Я вытер вспотевшую ладонь о штаны и достал нож. Глянул в сторону бетонки, потом назад, оценил расстояние в обе стороны. Если вдруг Губер с бригадой заявится, придется рвать когти обратно, за периметр. Они, конечно, могут продолжить гонку и за мостом, но там все-таки ландшафт другой, местность холмистая, деревья повалены. Много укрытий. А главное: в укрытиях – наши. Здесь же как на ладони, и если мы со Штырем видим отсюда стены губерского имения, то, понятное дело, оттуда нас тоже можно приметить.
– Что-то мне уже не кажется удачной твоя затея пойти сюда на разведку…
– Тише. Слышишь?
– Да.
Я боялся услышать звук ревущих моторов, но вместо этого до ушей донесся… плач?

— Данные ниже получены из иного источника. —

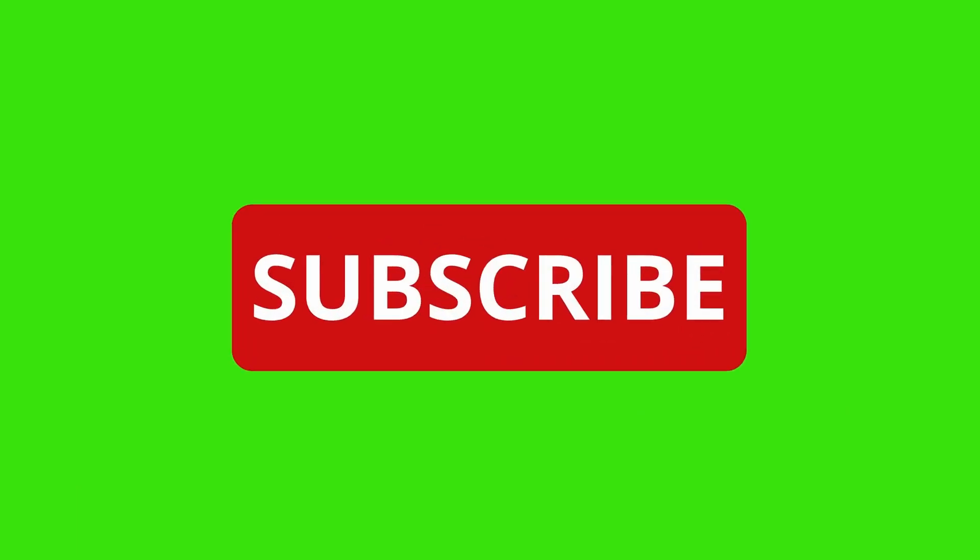If you found this video helpful, don't forget to like, subscribe, and hit the bell icon for more updates on the best courses and career opportunities. Until next time, knowledge lovers.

Точно, плач. Или даже скорее – тихое поскуливание. Этот тоненький вой можно было бы принять за злые шутки гулящего ветра, если б нас не укрывал от него подъем к переправе. Если бы в этих краях еще жил ветер. И если бы вой не прерывался время от времени жалобными всхлипами.
Женский голос… Даже детский. Сухие щелчки врезали изнутри по вискам колокольным набатом. Откуда эти стоны? Я глянул на Штыря – смешно, я и забыл, что он умеет шевелить ушами. В детстве это было просто забавой, едва ли не зависть вызывало. Но сейчас, когда он вслушивался, склонив лысую голову набок, и кромка уха извивалась дождевым червяком, это выглядело пугающе, придавая и без того не сильно приятному облику старого знакомого совсем уж нечеловеческий, упыриный вид.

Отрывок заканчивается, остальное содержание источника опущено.